Wakil Menteri Keuangan Mardiasmo mengatakan, praktik ini merugikan negara karena menggerus basis penerimaan pajak penghasilan badan. Padahal, 20% hingga 30% pendapatan pajak di banyak negara berasal dari aktivitas perusahaan multinasional tersebut.
Menurut Mardiasmo, manipulasi ini memberikan dampak yang besar khususnya di negara berkembang seperti Indonesia. Oleh karena itu, hal ini bisa dijadikan alternatif pasca amnesti pajak.
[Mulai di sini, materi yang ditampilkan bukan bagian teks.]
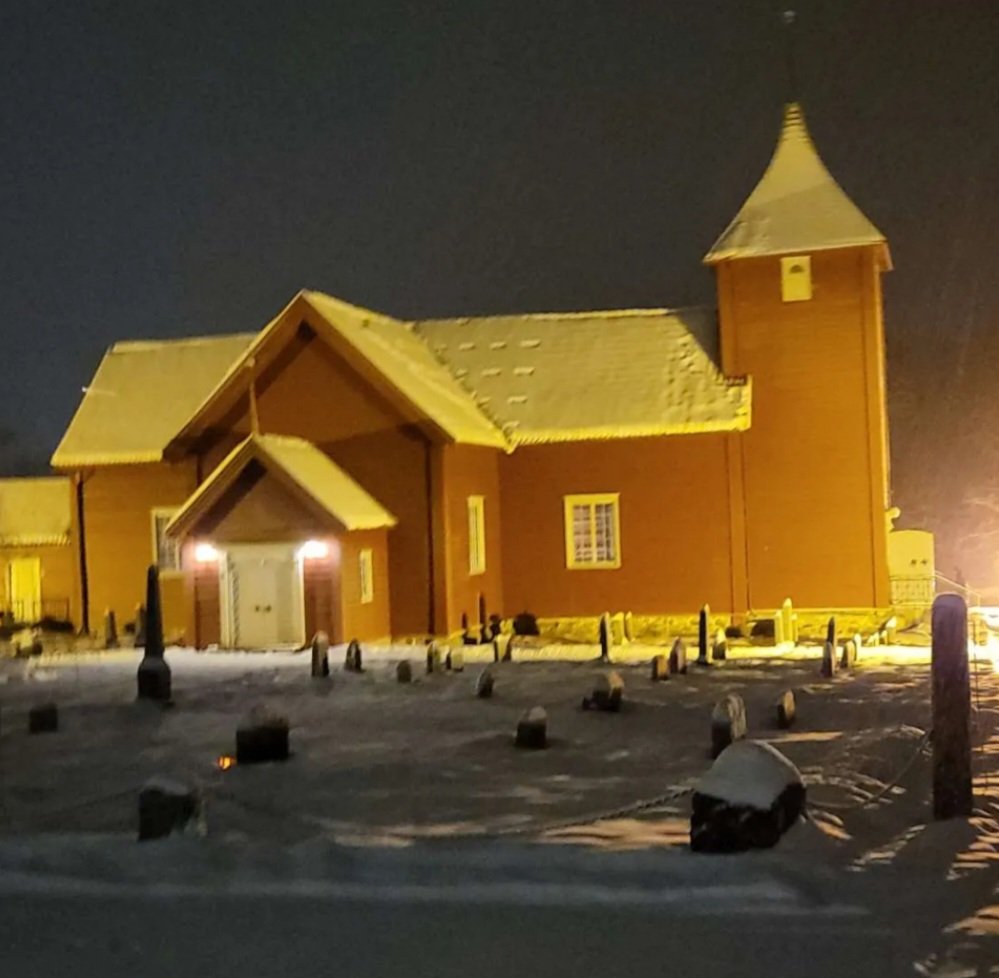 Utrolig hva man egentlig har i nærområdet.  #Fåbergkirke viste seg i all sin prakt i går. Inne var det enda bedre. Aldri vært på kirkekonsert før, men det frister til gjentakelse. #lillehammer #WinterWonderland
Apalagi, pemerintah telah merilis PMK 213 pada Desember 2016 lalu yang mengatur transfer pricing documentation.
“Sangat tepat momentumnya karena kita sudah tiga bulan lagi mengakhiri amnesti pajak. Nanti setelah itu kami akan punya gebrakan-gebrakan baru,” ucapnya di Gedung Ikatan Akuntan Indonesia (IAI), Februari, Kamis (2/2).
Mardiasmo mengatakan, sesungguhnya secara teori, transfer pricing itu boleh dilakukan. “Secara teori ya. Tapi kadang-kadang disalahgunakan,” ujarnya.
Menurutnya, terbitnya PMK 213 ini bisa memberikan jalan keluar bagi penyalahgunaan kegiatan transfer pricing. Penyalahgunaan ini berdampak negatif secara luas sehingga bila ada motif untuk mengurangi laba dengan cara-cara yang tidak benar maka harus berikan sanksi.
“Kalau uang negara bisa masuk dari sana, untuk memperbaiki kesenjangan, infrastruktur, kan bagus sekali. Jadi public fund ini harus benar,” katanya.